__GIVEN DATA__
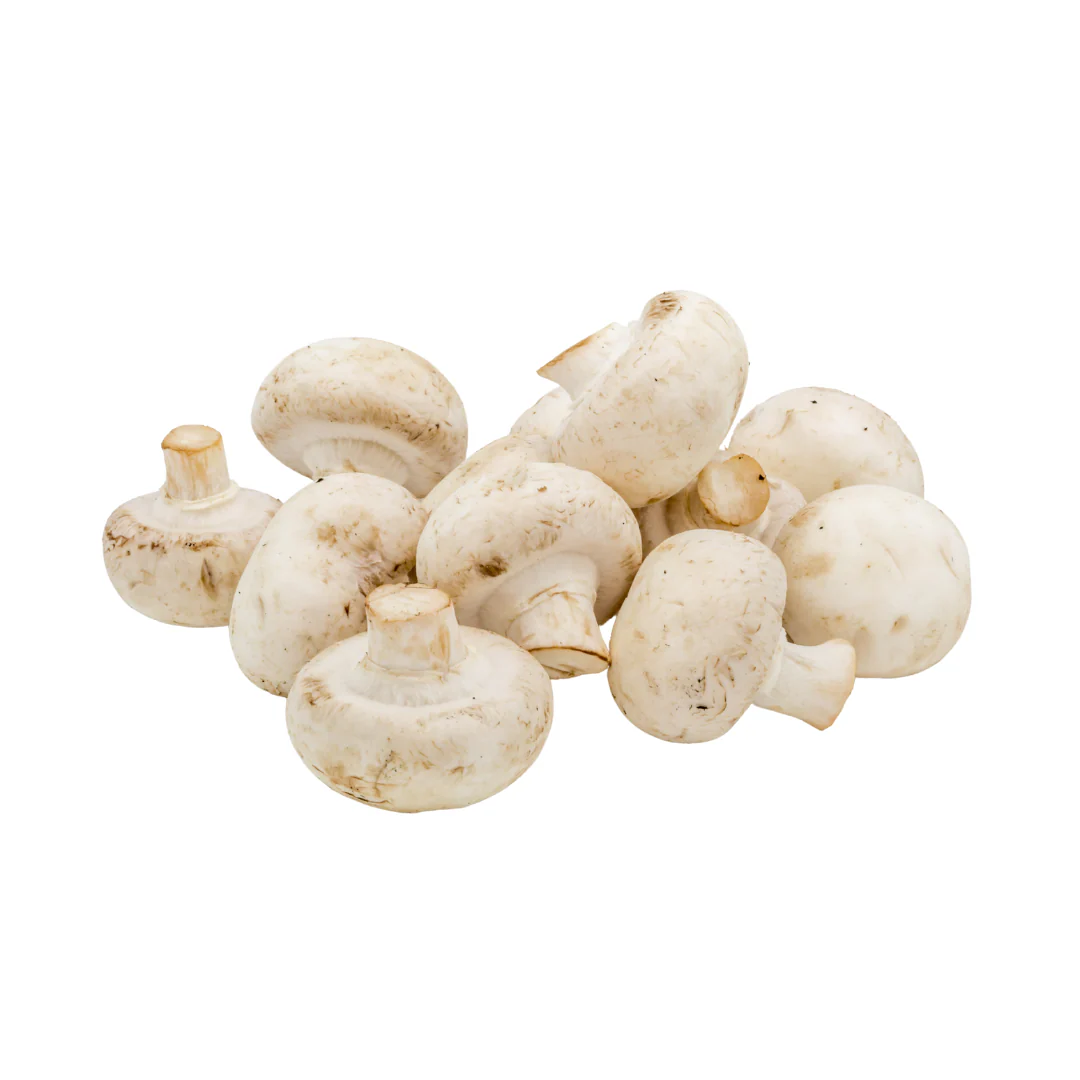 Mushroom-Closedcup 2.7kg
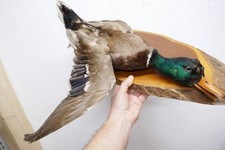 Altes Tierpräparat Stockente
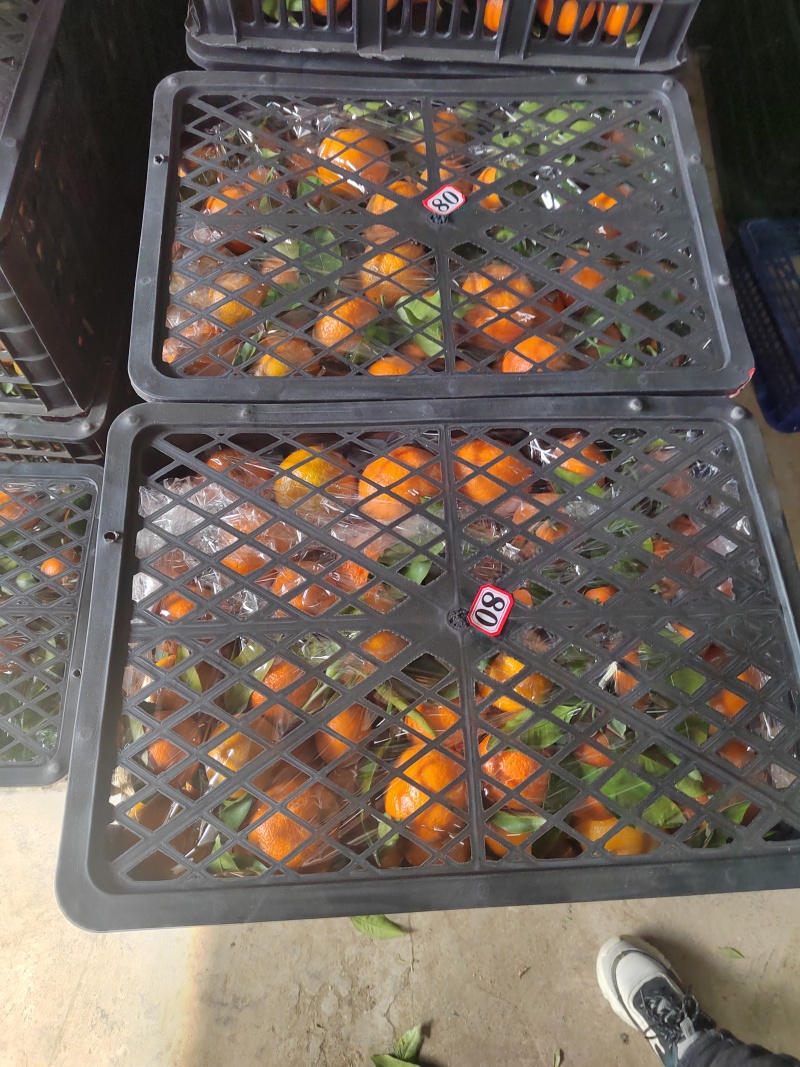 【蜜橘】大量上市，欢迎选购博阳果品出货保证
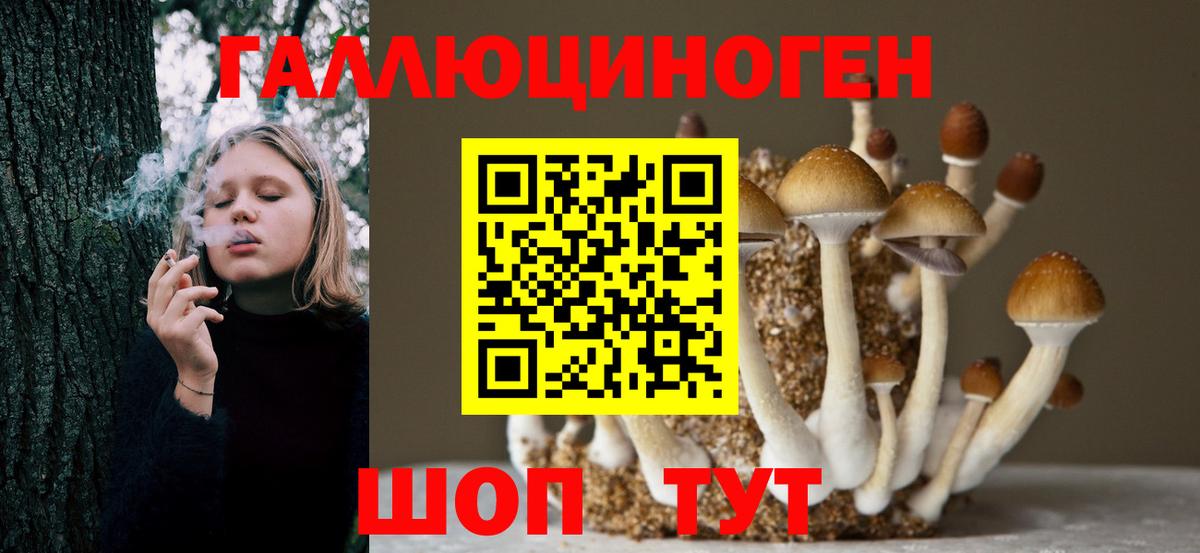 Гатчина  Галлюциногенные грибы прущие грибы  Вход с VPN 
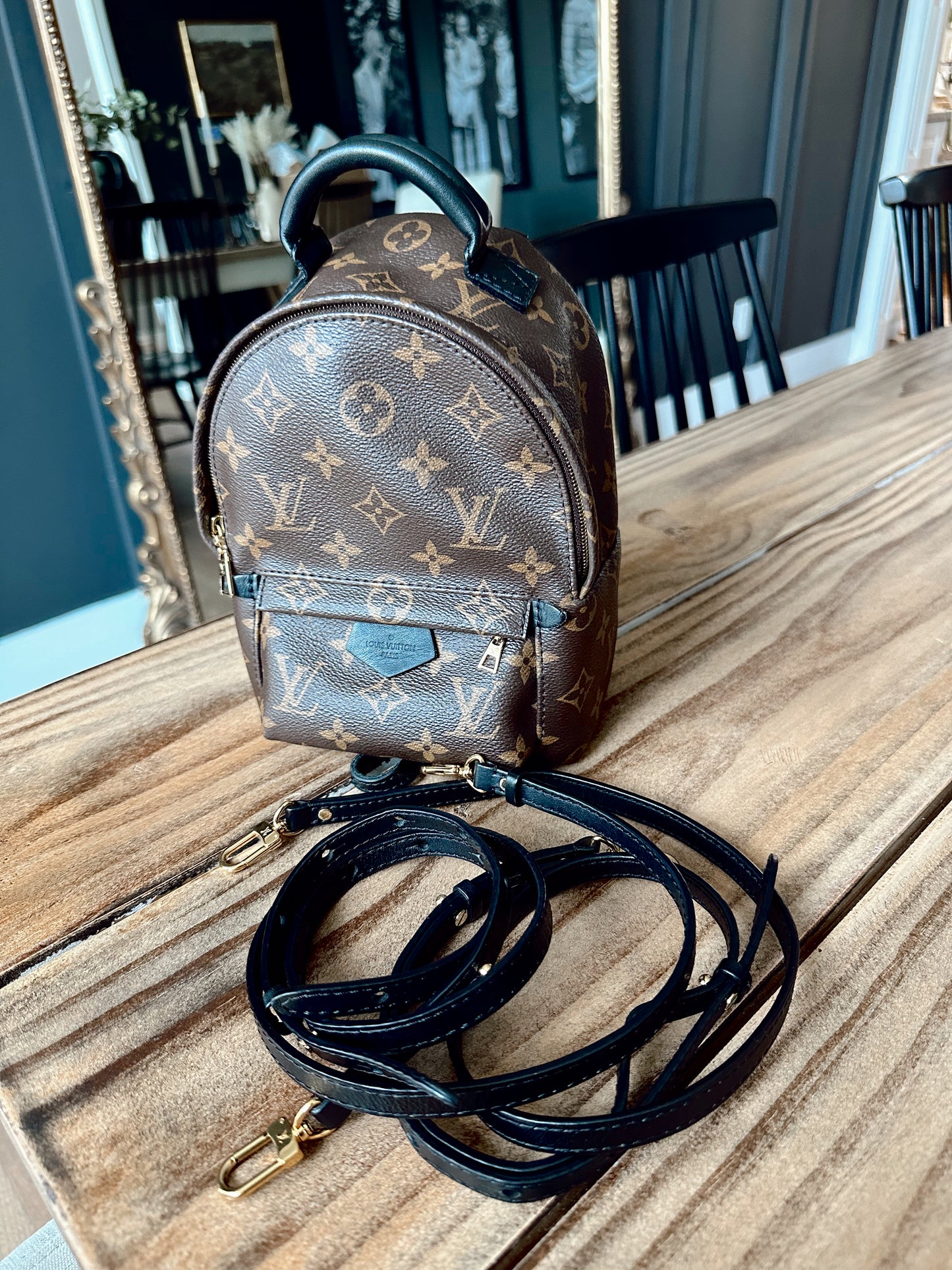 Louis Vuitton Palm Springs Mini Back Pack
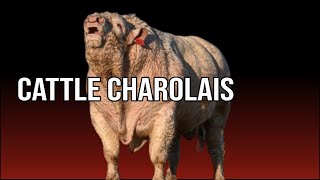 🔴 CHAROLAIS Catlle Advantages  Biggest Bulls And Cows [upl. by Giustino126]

__THE TASK__
Only the lines from the one containing "Altes Tierpräparat Stockente" through the last line of the entries, both included, should be repeated exactly, and the pictures should be left out.

__TASK RESULT__
 Altes Tierpräparat Stockente
 【蜜橘】大量上市，欢迎选购博阳果品出货保证
 Гатчина  Галлюциногенные грибы прущие грибы  Вход с VPN 
 Louis Vuitton Palm Springs Mini Back Pack
 🔴 CHAROLAIS Catlle Advantages  Biggest Bulls And Cows [upl. by Giustino126]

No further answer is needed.